We think we liked the plot better the first time, when it was called “Dances With Wolves.” Instead of Kevin Costner going Native American, “Avatar” gives us Sam Worthington becoming a ten-foot warrior Smurf. Though the effects in the 3-D version veer into “Dr. Tongue from SCTV” territory a bit too often, the visuals are undeniably stunning, and interact surprisingly seamlessly with the live action. But that’s where the good news ends.

The four-star feast for the eyes is driven by a surprisingly pedestrian script that hugs every shrub on planet Pandora and telegraphs every major plot development at least ten minutes early. The dialogue is full of ham-fisted howlers apparently intended to evoke parallels to America’s recent exploits abroad-- for example, “When people are sitting on top of something you want, you make them your enemy and take it!” The nod to the “blood for oil” school of political thought couldn’t be more obvious if Giovanni Ribisi had turned to the camera and twirled the corner of a handlebar mustache like some sci-fi Snidely Whiplash. (Speaking of howlers, the alien mineral at the heart of the plot is called -- we kid you not -- “Unobtanium.” After twelve years, this is the best Cameron can come up with?)

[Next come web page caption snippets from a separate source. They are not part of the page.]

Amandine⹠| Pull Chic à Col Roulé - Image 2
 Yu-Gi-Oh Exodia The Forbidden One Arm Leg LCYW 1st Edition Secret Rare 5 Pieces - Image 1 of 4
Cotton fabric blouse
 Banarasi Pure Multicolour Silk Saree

The real problem with the movie is that while the cartoons act like real people, the real people act like cartoons. Except for Worthington and his inner circle of high-tech fellow travelers, there’s nary a sympathetic human character to be found here. The bad guys are either heartless corporate tools or heavily armed Halo lookalikes as clueless as they are bloodthirsty. How could the only actual three-dimensional players in the movie end up so...one-dimensional?

If this puppy were a beer commercial, the tagline would be “Looks great -- less filling.”